Realization vs Recognition
The words recognition and realization are used individually in many contexts but when they are used in combination it is definitely in context of accounting. Both these words can be used to define revenue, taxes, profit or loss of a company. A company that is running its business in a profitable way turns its inventory into cash by selling the products or services and it’s the recognition of revenue through this process. Once the recognition of the revenue is over the entries of the transactions is made formally in the account books and if the books show profitability then it is the realization of the revenue. As the business is carried out and profit is earned the tax liabilities also accumulate. The recognition of the tax liability is seen by the company during the period business is carried out and its realization takes place once accounting books are formally prepared and the amount is paid to the government.

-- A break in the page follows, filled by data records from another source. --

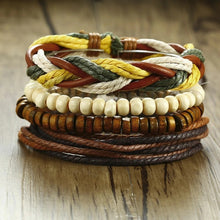 Lade das Bild in den Galerie-Viewer, Handmade Recycled Imitation Braided Wrap Leather Bracelet 4Pcs/ Set DSers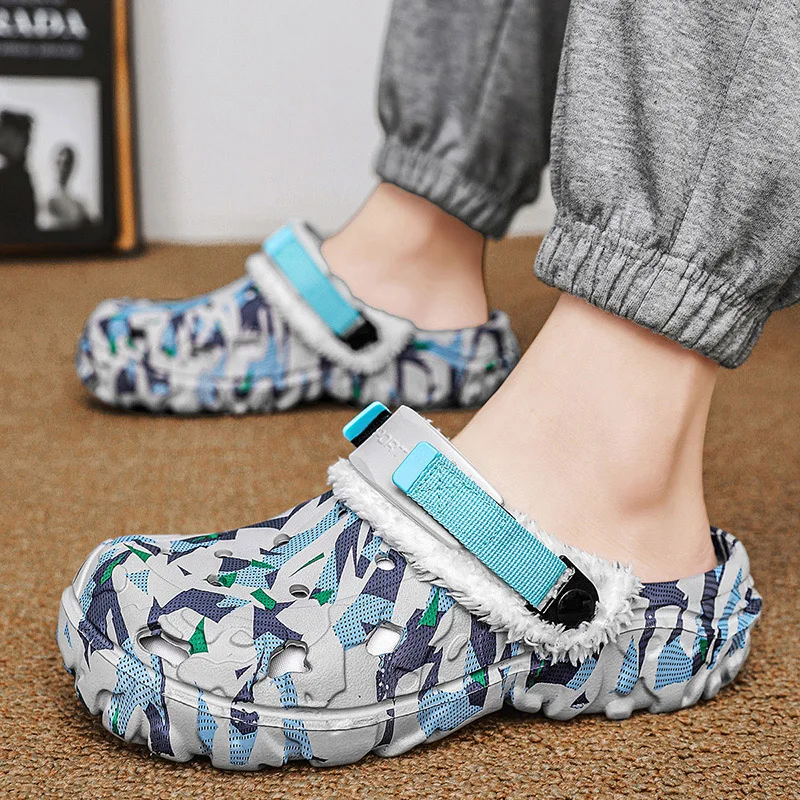 شباشب رجالية قباقيب شتوية دافئة أحذية فروي قطيفة إيفا الشرائح لينة مريحة عدم الانزلاق الصنادل النعال حذاء كاجوال قباقيب الرجل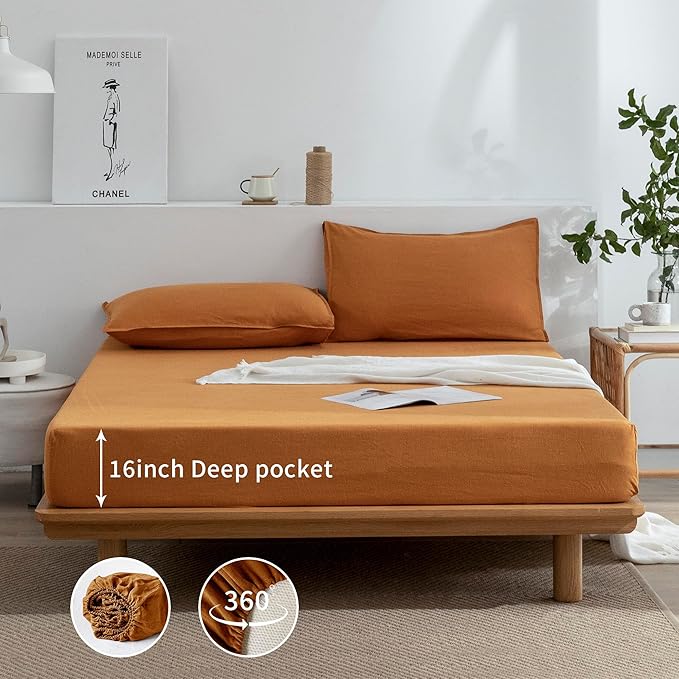 EVERLY Linen Sheets Set King Size,100% French Stonewash Pure Linen Sheets Set,4Pieces (1Flat Sheet,1Fitted Sheet,2Pillowcase) Suitable for Hot Sleepers,Deep Pocket Natural Bedding Set-Caramel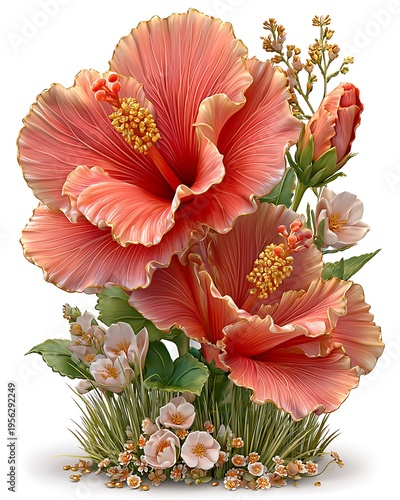 Elegant coral hibiscus flower botanical illustration high resolution picture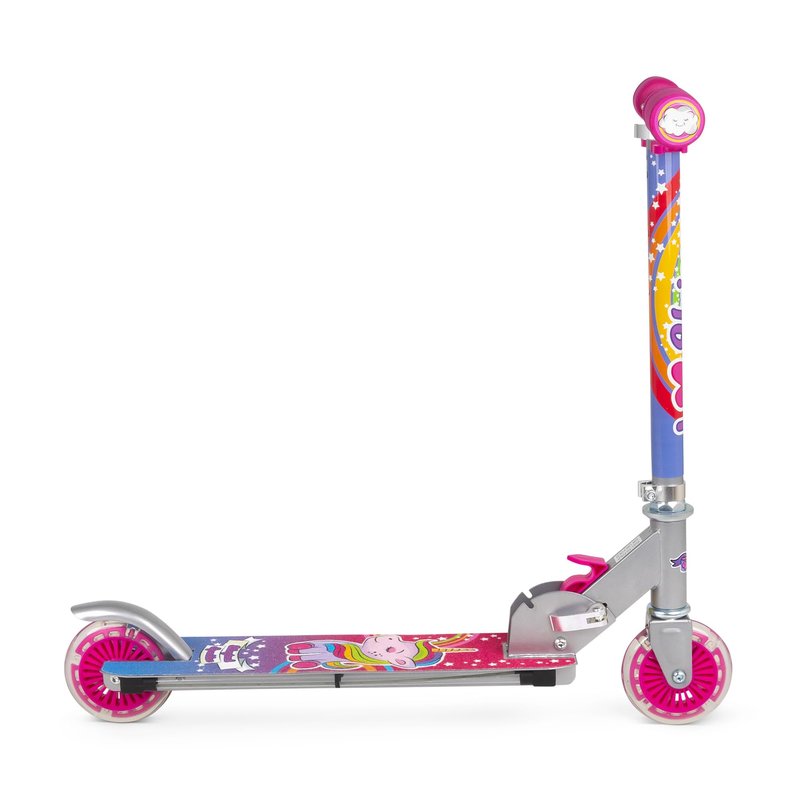 Ozbozz: Flashing Scooter - Unicorn Magical Sparkles - Light-Up Wheels-Deck, Adjustable Height, 2 Wheel Outdoor Ride-On, Foldable, 100lb Limit, Kids 5+
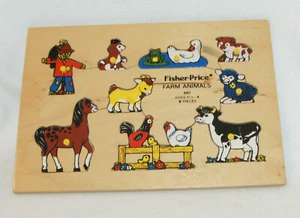 Rompecabezas de madera vintage Fisher-Price #507 animales de granja - Imagen 1 de 1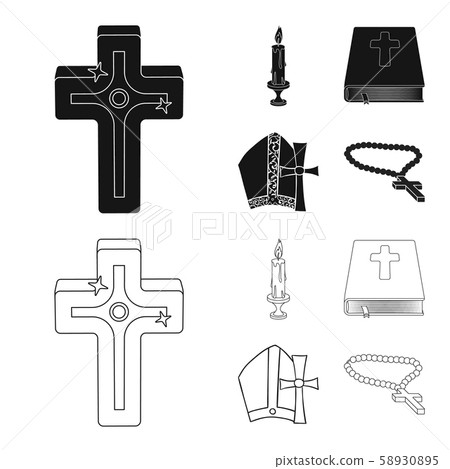 Vector design of muslim and items sign. Set of muslim and candle vector icon for stock. Vector design of muslim and items sign. Set of muslim and candle vector icon for stock. 58930895
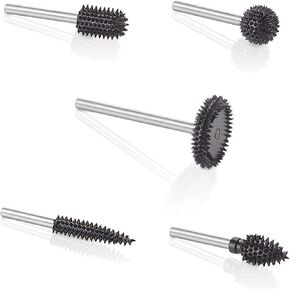 Kutzall 5-Piece Rotary Burr Bundle, 1⁄8" Shaft, Very Coarse - Wood Carving Bit for Dremel, Foredom, DeWalt, Milwaukee Tools. Structured Tungsten Carbide Shaping Tools.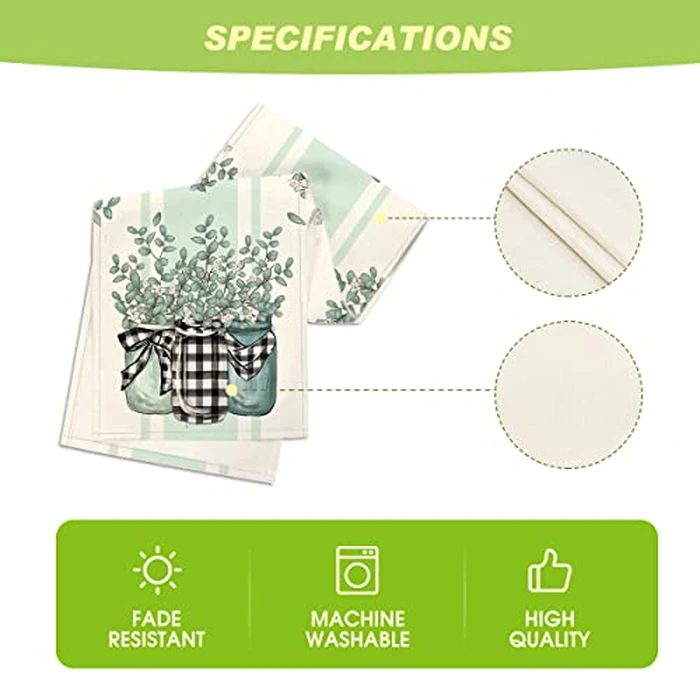 Artoid Mode Buffalo Plaid Eucalyptus Vases Summer Table Runner, Spring Kitchen Dining Table Decoration for Home Party Decor 13x72 Inch by Artoid Mode - Image 5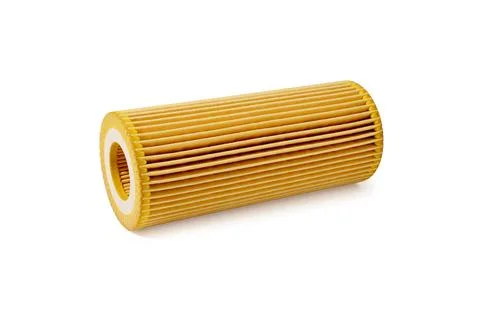 Car filter close-up isolated on white background. Oil filter. Stock Photos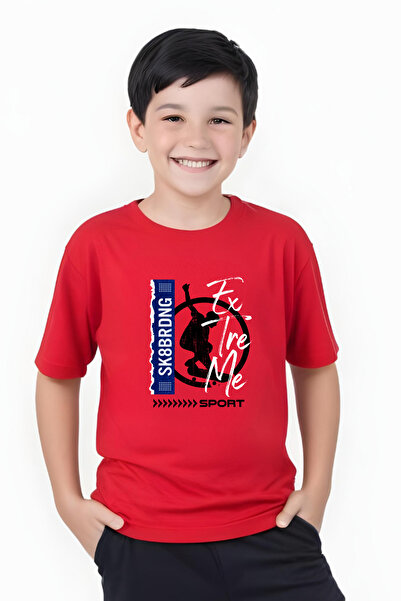 FYK COLLECTİON Tricou cu mânecă scurtă cu gât rotund pentru băiat cu imprimeu...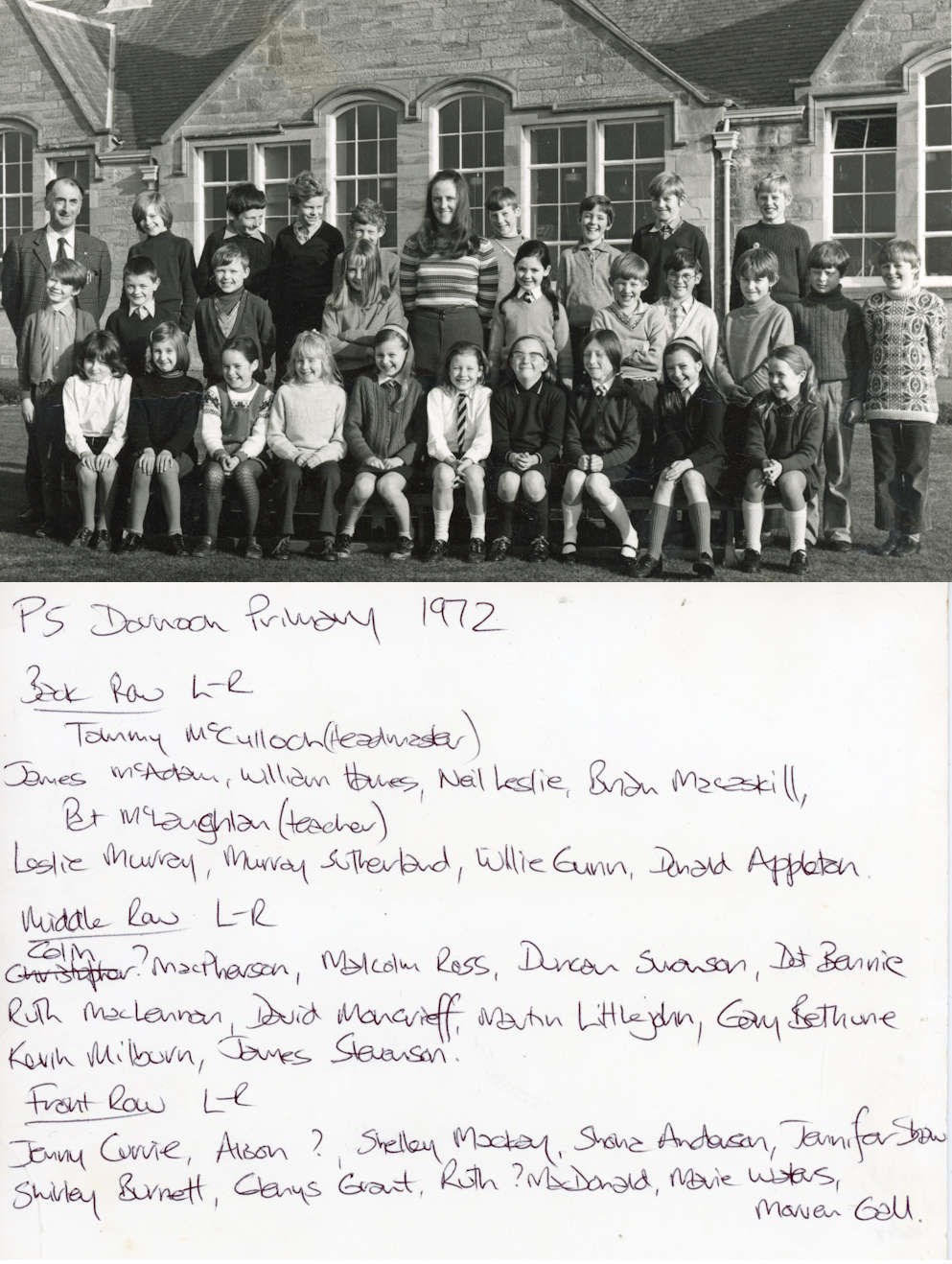 Dornoch Primary School photograph 1972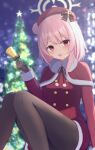  black_gloves black_pantyhose blue_archive feather_hair gloves hair_ribbon halo handbell iris37337 pantyhose pink_eyes pink_hair ribbon santa_costume serina_(blue_archive) serina_(christmas)_(blue_archive) 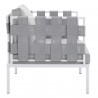 Harmony Sunbrella® Outdoor Patio Aluminum Armchair in Gray Gray - Side Angle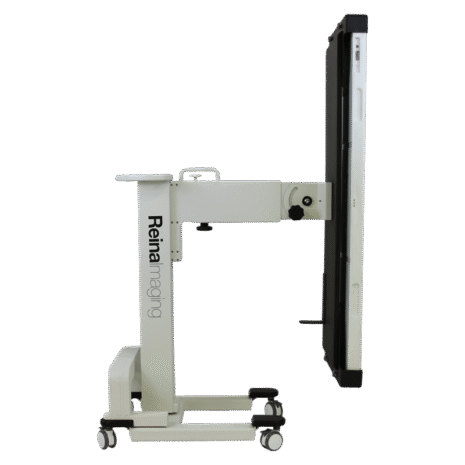 4-PROFILE-HIGH-POSPGL Side view of a mobile X-ray panel holder with Reina Imaging branding, adjustable arm, and four caster wheels.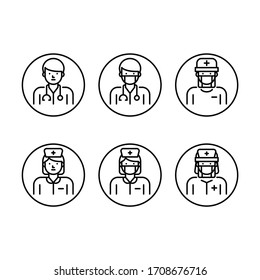 Doctors and nurses avatar icons set. Line vector. Isolate on white background.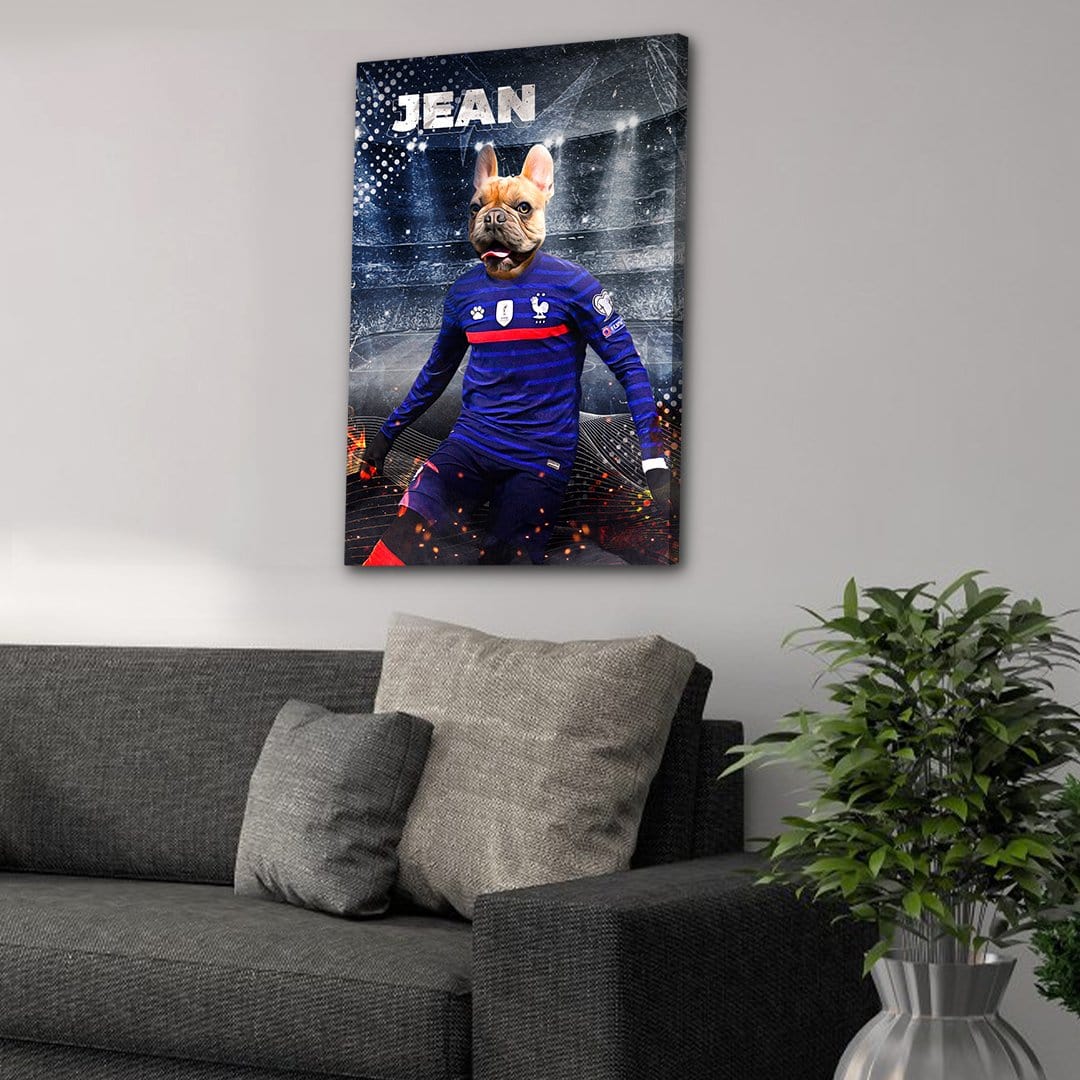 &#39;France Doggos Soccer&#39; Personalized Pet Canvas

Recognition of the revenue is a continuous process in a profitable business and is calculated by subtracting the expenses incurred in carrying out the business from the revenues generated. If profitability is not there in business then it is the realization of losses that are to be observed. A company’s recognition of revenue is not dependent on the way the business is carried out like it’s a cash sale or credit sale. As soon as a credit sale takes place revenue is recognized and is not depended on the time when payments will be received.
Realization of the revenue starts only after recognition of the revenue ends. Whether it is profit or loss the realization is reported formally in the account books. Realization of the revenue is the accurate figure and a true indicator of the health of the company. Realization of revenues is immediate in a cash business but in business carried out on credit realization is made when payments are received.
Recognition vs Realization
• Recognition is a continuous process and realization is the process that ends recognition.
• Recognition is an estimate but realization is accurate and exact.
• Recognition is not dependent on business pattern but realization is different in cash and credit type.
• Recognition is used to see where company is heading but realization clearly shows it.
• Recognition can be manipulated by deferring expenses but realization can not be manipulated.